"So—that is what they are saying, is it?" she cried at last. Her first fear was over; but anger had succeeded to it, and she rose now from her seat with arms akimbo and flashing eyes. She was not a woman to offend lightly.
"So they have fastened that lie upon Elizabeth, have they!—it's a shame for them, so it is! And you, Salvé, can soil your lips with it? Let me just tell you, then, for your pains, that the Becks' house is as respectable a one as any in Arendal; and it isn't you, and such as you, that can take its character away. Never fear but Elizabeth shall hear every word of your precious story—ay, and the captain, and the lieutenant, and Madam Beck, too; and you'll be hunted from the Juno like a dripping cur. So you thought that Elizabeth was to be beholden to the lieutenant for a character—?"

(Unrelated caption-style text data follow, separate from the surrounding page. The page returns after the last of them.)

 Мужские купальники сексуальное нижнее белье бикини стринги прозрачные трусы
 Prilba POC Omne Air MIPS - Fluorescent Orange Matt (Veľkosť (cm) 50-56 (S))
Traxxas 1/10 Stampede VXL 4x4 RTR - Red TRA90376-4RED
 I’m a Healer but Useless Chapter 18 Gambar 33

"Dear mother Kirstine!" Salvé cried, interrupting her in the full torrent of her indignation, "I didn't think about it—I couldn't think. Only, I heard Anders of the Crag down on the slip this morning say it all so confidently.
"Anders of the Crag? So it was from him you heard it?—the pitiful, wheedling rascal! That is his gratitude, I suppose, for my being with his wife last week!—I shall know where to find him. But the receiver in the like is no better than the stealer," she resumed, indignantly; "and I'd have you know, it was just Beck's own daughter who came here and offered Elizabeth a respectable place in a respectable house, and it was to me she talked, my lad," pointing self-consciously with quivering forefinger at her own bosom; "so Elizabeth has not begged herself in there at all. You didn't need to desert your watch to bring such tales here; and Elizabeth shall hear of it—that she shall," she repeated, excitedly, striking one hand into the other with a loud smack—"she shall hear what fine faith you have in her."

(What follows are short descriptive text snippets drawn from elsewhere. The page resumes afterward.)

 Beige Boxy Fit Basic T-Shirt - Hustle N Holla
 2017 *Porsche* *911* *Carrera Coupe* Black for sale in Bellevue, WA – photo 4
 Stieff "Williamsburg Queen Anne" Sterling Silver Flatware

"Dear mother Kirstine! I didn't mean any harm," he said, entreatingly, feeling as if a weight had been taken off his heart—"only please don't tell Elizabeth."
"You may depend upon it I will."
"Mother Kirstine!" he said, in a low voice, and looking down, "I brought a dress with me for her that I had bought in Boston. And then I heard all this, and I couldn't contain myself." He said nothing about the rings.
"So!" rejoined the old woman after a pause, during which she had examined him through her half-closed eyes, and in a somewhat milder tone; "so you brought a dress for her! and at the same time you come running up here in the middle of the night to tell me that she has become a common baggage for the lieutenant,"—and her anger rose again.
"But, Mother Kirstine, I don't believe a word of it."
"It wasn't to tell me that, I suppose, you came up here in such haste, my lad."